U2’s headline set on the Pyramid stage was always going to be divisive, and the bleak constant of rain did the band no favours, but by starting their set with a barrage of their most popular songs, front loading the likes of Even Better Than The Real Thing, The Fly, One and Where The Streets Have No Name before you’d even had a moment to take a breath, they could hardly be criticised of not trying to please the neutrals. Old school fans also got a treat as they revisited Live Aid, playing Sunday Bloody Sunday and Bad together followed by Pride the track that they were due to play as their final song at Wembley Stadium in 1985. The Edge’s guitar sounded intense and punishing, Bono’s vocals held out reasonably well (apart from a poorly sung and ill-advised a cappella take on Jerusalem) and the mass audience sing along on I Still Haven’t Found What I’m Looking For washed the rain out the mind for a few moments. A curious encore that included Moment of Surrender and debut single Out of Control lost a lot of the crowd, but overall U2 can be satisfied that they didn’t let themselves down although they won't have convinced the naysayers.

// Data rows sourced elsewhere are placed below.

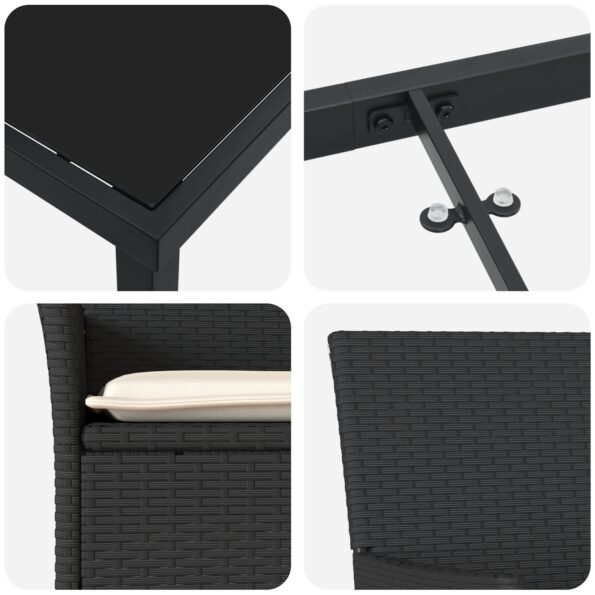 3379765_9.jpg 3-dielna záhradná jedálenská súprava s vankúšmi čierny poly ratan, Záhradný stôl čierny 80x80x73 cm tvrdené sklo – Obrázok 9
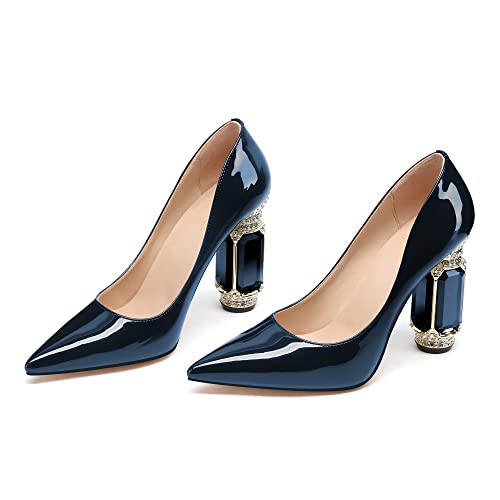 Image of JANSEVEN Women Chunky Heels Pumps Crystal Block Heels with Rhinestones Pointed Toe Sexy Gradient Patent Leather Slip on Bridal Party Wedding Dress Shoes 5-13 M US
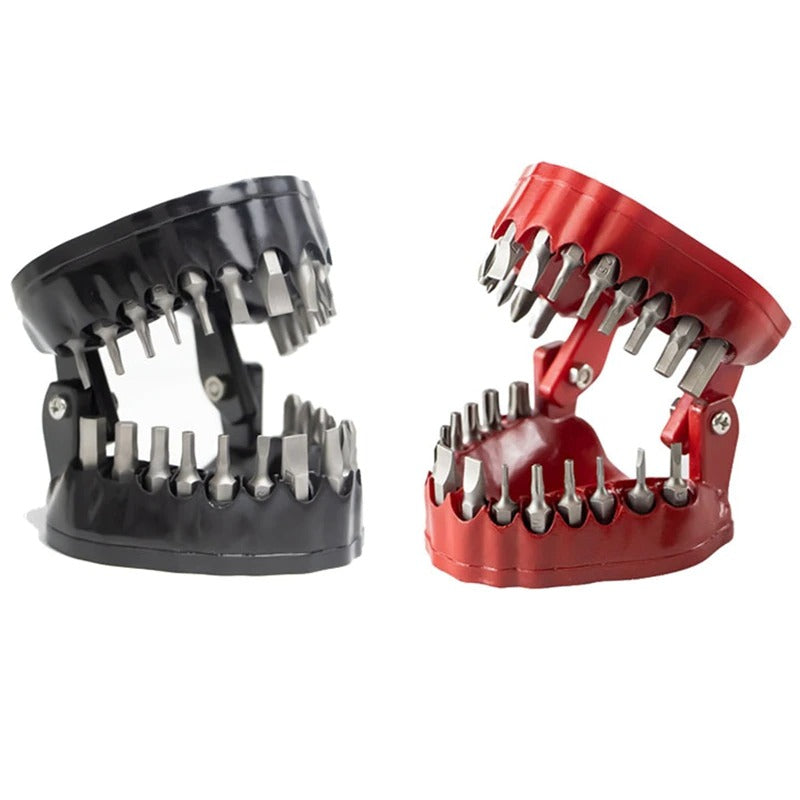 Two denture drill bit holders. One is red and the other is black. The dentures are used to hold drill bits for storage.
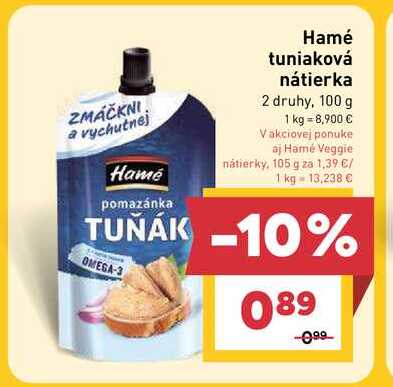 Hamé tuniaková nátierka 2 druhy, 100 g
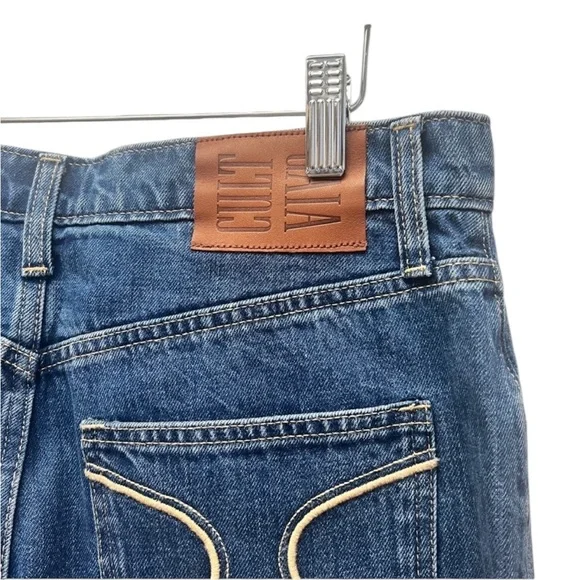 NWT Gap x Cult Gaia High Rise Stride Chain Jeans in Blue Size 28 - Picture 8 of 10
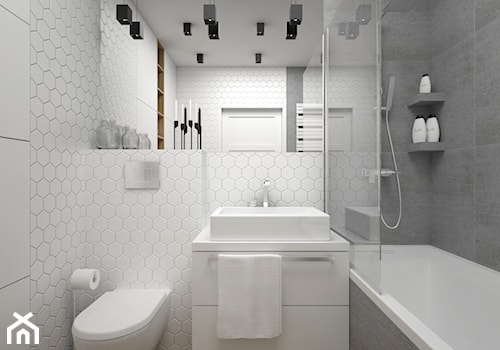 Projekt łazienki 5 m2 / Kraków - Mała bez okna z punktowym oświetleniem łazienka, styl minimalistyczny - zdjęcie od BIG IDEA studio projektowe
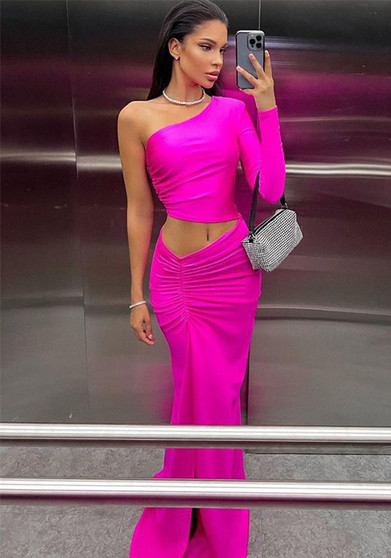 Women's Strapless One Shoulder Long Sleeve Hollow High Waist Slit Solid Color Sexy Bodycon Dress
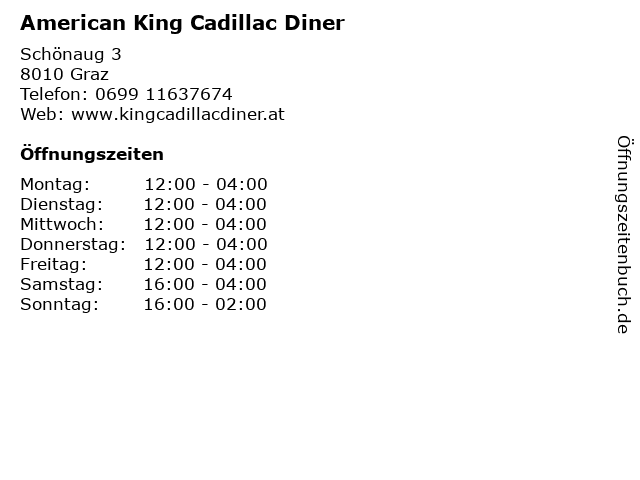 American King Cadillac Diner in Graz: Adresse und Öffnungszeiten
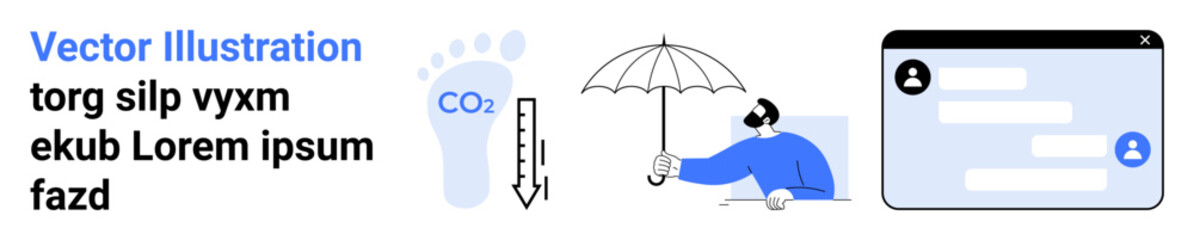 Fototapeta premium Climate change, communication, social interaction, carbon tracking, environmental awareness, digital interfaces. Carbon footprint, thermometer person with umbrella chat interface. Climate change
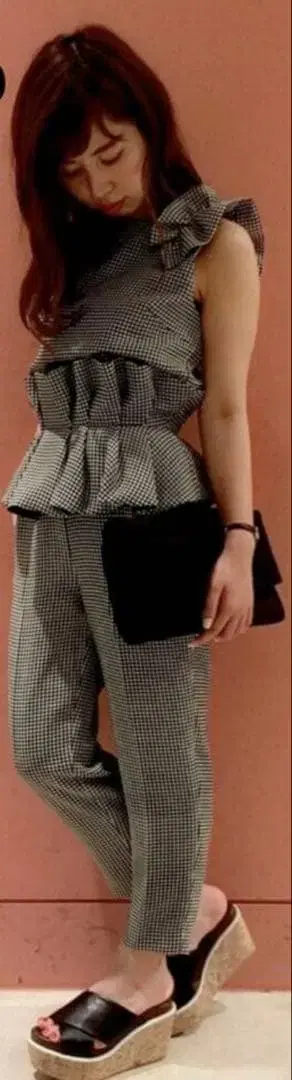 프레이 아이디 깅엄 체크 셋업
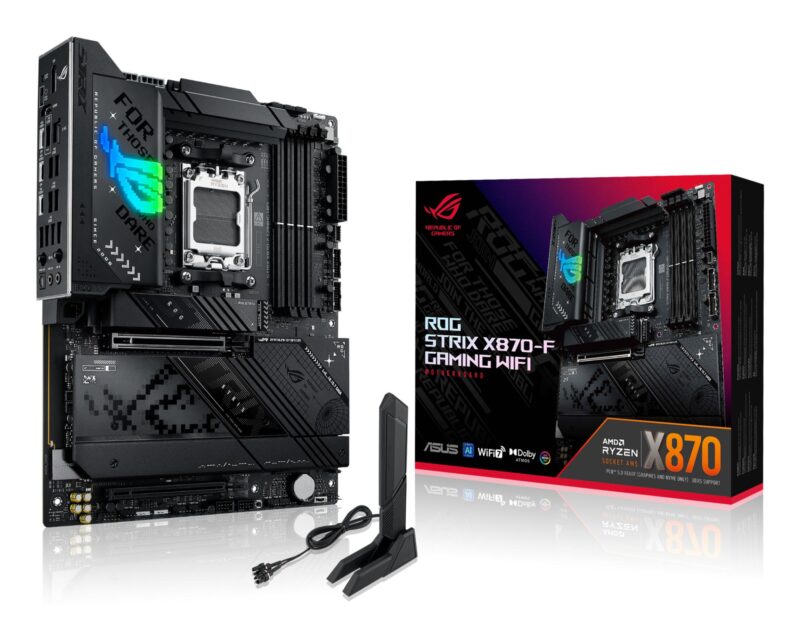 Mainboard|ASUS|AMD X870|SAM5|ATX|Memory DDR5|Memory slots 4|1xPCI-Express 4.0 16x|1xPCI-Express 5.0 16x|4xM.2|1xHDMI|1xDisplayPort|1xAudio-In|1xAudio-Out|5xUSB 3.2|1xUSB-C|2xUSB4|1xRJ45|ROGSTRIXX870-FGAMWIFI Mainboard|ASUS|AMD X870|SAM5|ATX|Memory DDR5|Memory slots 4|1xPCI-Express 4.0 16x|1xPCI-Express 5.0 16x|4xM.2|1xHDMI|1xDisplayPort|1xAudio-In|1xAudio-Out|5xUSB 3.2|1xUSB-C|2xUSB4|1xRJ45|ROGSTRIXX870-FGAMWIFI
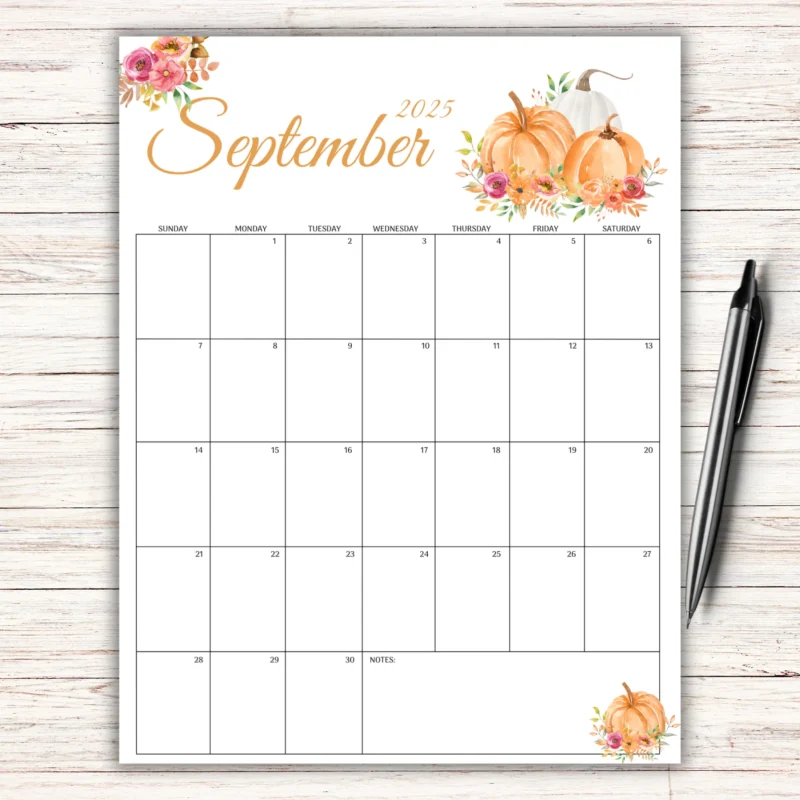 Pumpkin Theme September 2025 Calendar â€“ printable US Letter PDF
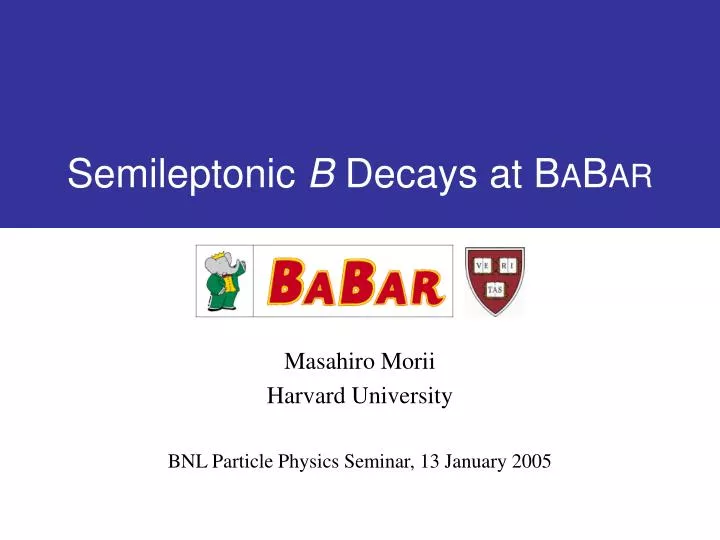 semileptonic b decays at b a b ar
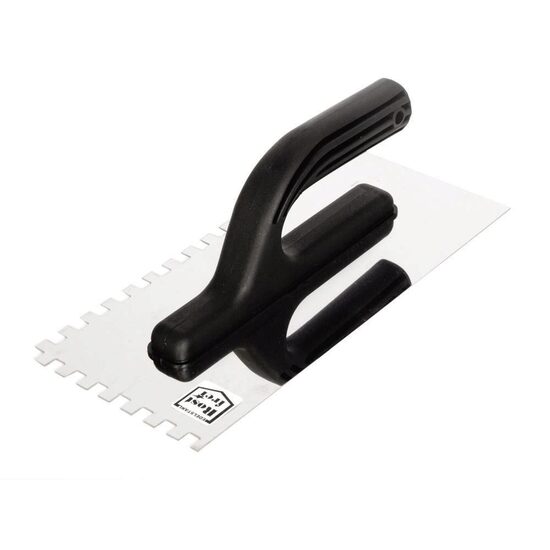 Gletieră din inox cu mâner din plastic, 270x128mm, dinți 8x8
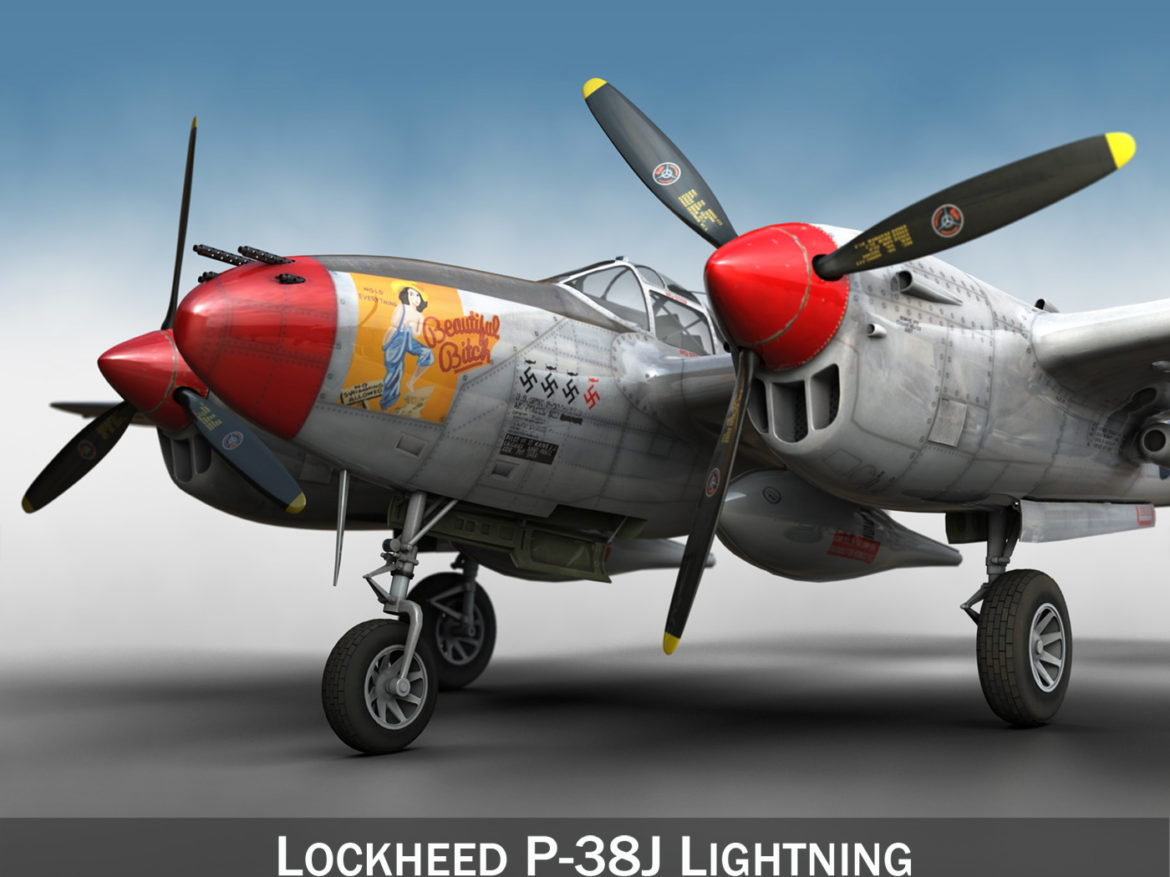 lockheed p-38 lightning – beautiful bitch 3d model fbx c4d lwo obj 272663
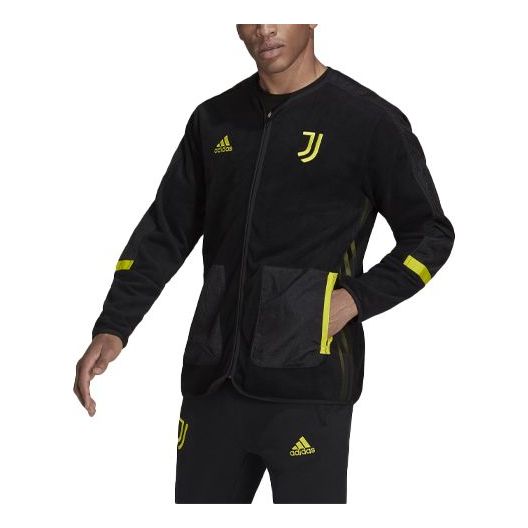 adidas Printing Zipper Soccer/Football Jacket Juventus Black GR2915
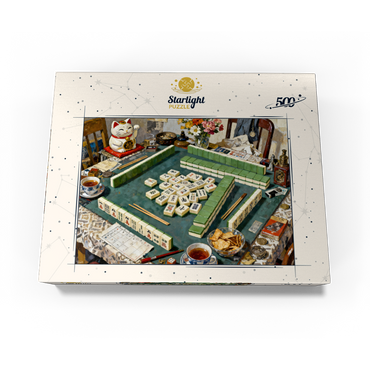 Mahjong Table Still Life With Lucky Cat 500 Jigsaw Puzzle box view3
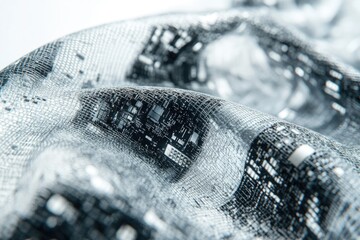 Aufkleber - Close-up of a textured fabric with a circuit board pattern, showcasing intricate details and a blend of technology and textile design.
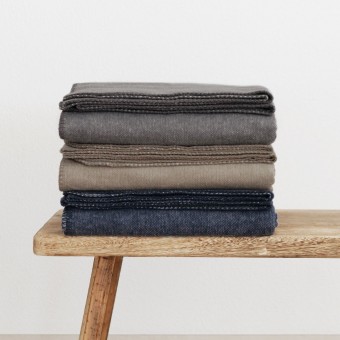 weiche Kuscheldecke THOR - recycelte Baumwolle - EXTRA LANG - RIEMA
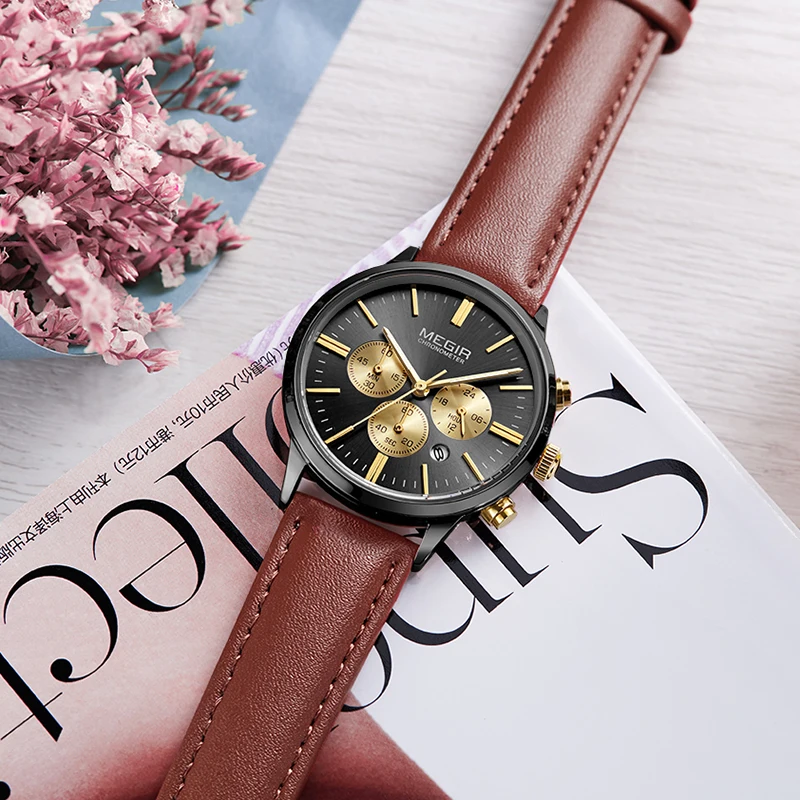 MEGIR Бесплатная доставка часы для женщин браслет с кожаным ремешком роскошные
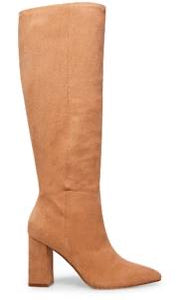 Suede Slouchy Stacked Heel Boot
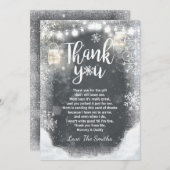 素朴な冬のサンキューカードのベビーシャワーの雪片 サンキューカード (正面/裏面)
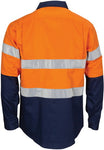 DNC Workwear - Hi Vis R/W Cool Breeze T2 Vertical Vented Cotton Shirt with Generic R/Tape Gusset Long Sleeve 3782
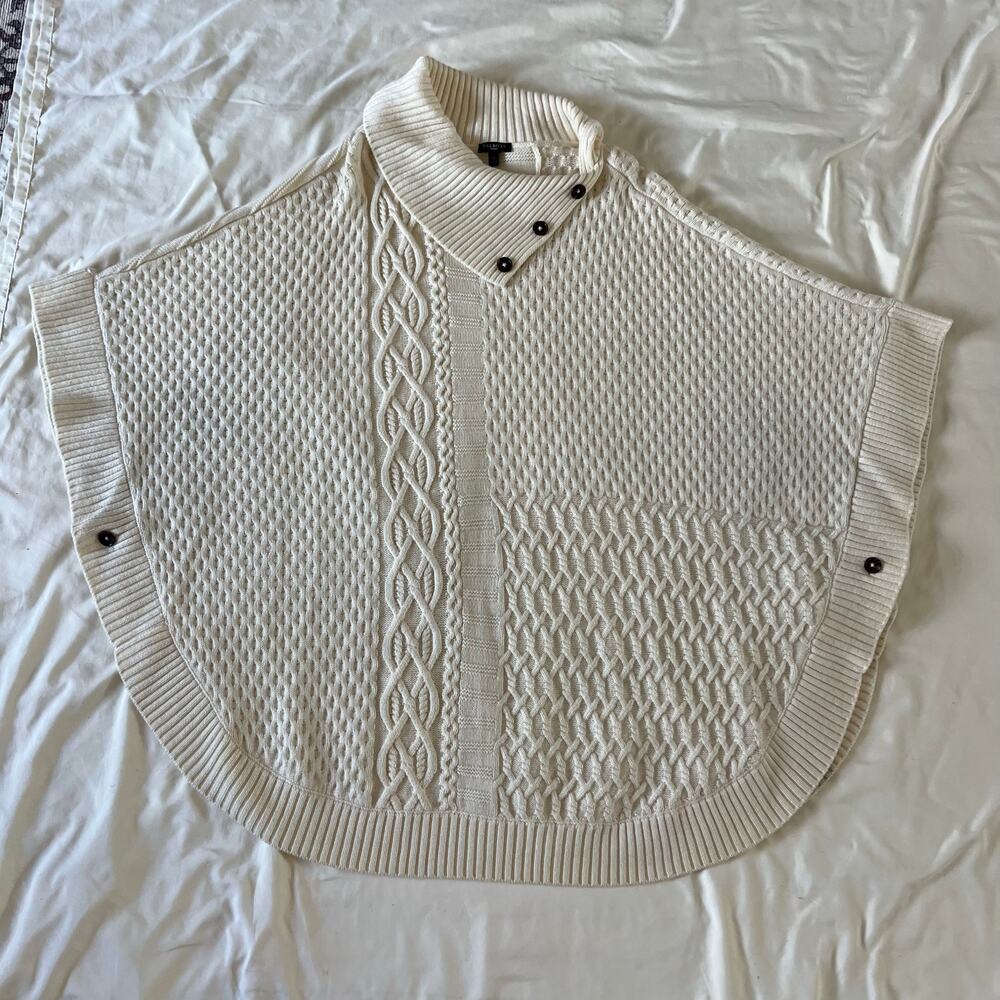Talbots Plus Size Cream Lambswool Blend Cable Knit Poncho Wmns 1X Quiet Luxury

At the other end of the spectrum on Saturday night, whilst Coldplay headlined the main stage Caitlin Rose and The Bees both charmed in equal measure with nostalgic takes on country music (Rose) and psychedelic soul / folk (The Bees) in the tiny Crow’s Nest to an assembled audience of about 40 or 50 people. Rose’s drawl was so natural and self-assured that we had to check there wasn’t a CD player hidden behind the stage, whilst The Bees stripped down versions of Chicken Payback and Wash In The Rain were so delightfully groovy that we’re sure we saw the very hills of Glastonbury having a little shake to them.
Other musical highs came from relatively new acts – Isobel Anderson’s cover version of Glory Box by Portishead was simply stunning and much of her other material oozed quality, capturing the original’s haunting spirit but placing it in a folk context, whilst the electronic pop of Hurts suddenly seemed designed to fill stadiums, sounding darker, more passionate and fuller than ever before with more guitars and strings taking Hurts away from just being a synth pop duo.
But ultimately, irrespective of what music you see at Glastonbury, the cliché holds true; the festival is bigger than any act. It really is about the whole experience.
Now for your listening pleasure, here’s some music from some of the performers we enjoyed the most.
Caitlin Rose - Shanghai CigarettesMorveren's Lullaby by Isobel Anderson
The Bees - I Really Need Love
2 comments:
Excellent summation, mirrors some of my own experiences although I was too 'exhausted' to see as many bands as i had planned.... the mud really was awful, it was like wading through thick treacle with boots of concrete... and the sickly sweet smell really turned my stomach ........
Very sad to hear about the reaction to Caroline Lucas though. The sort of clientele that Glastos has increasingly been attracting of late aint real into the ethos of the fest which did make it special. Glasto has become almost a place to be seen at along with Wimbledon etc for certain sections of society.... It’s still undoubtedly ‘got it’ but I do think it needs to work on a number of things. Get back to it’s roots.
I did see a remarkable number of people leaving early this year . Was it the medieval conditions? The mud ? Or something more sinister......? Being from Liverpool I’m quite happy to repeat a conversation with a friend because a/ it made me laugh and b/ I saw evidence of it myself. She said “went to London on the train on Sunday. A whole load of people got on the train at Reading having come from Glastonbury. Someone asked why they had left and this one guy said," it was horrible, full of scousers who'd bunked in for free".
Glastonbury in a nutshell.
My highlights being, Ed Sheeran in the Croissant Neuf solar powered tent (Norwich lad made good), pleasantly suprised by U2 (I thought I didn't like them anymore - and welcomed both Out Of Control and I will Follow), Morrissey, Pulp (worst kept secret),John Grant up at the Park (woefully underrated)and BAD. Also enjoyed the Wombles (especially the way men and women of a certain age still remember all the lyrics) and the unveling of Chris Spedding as guitarist.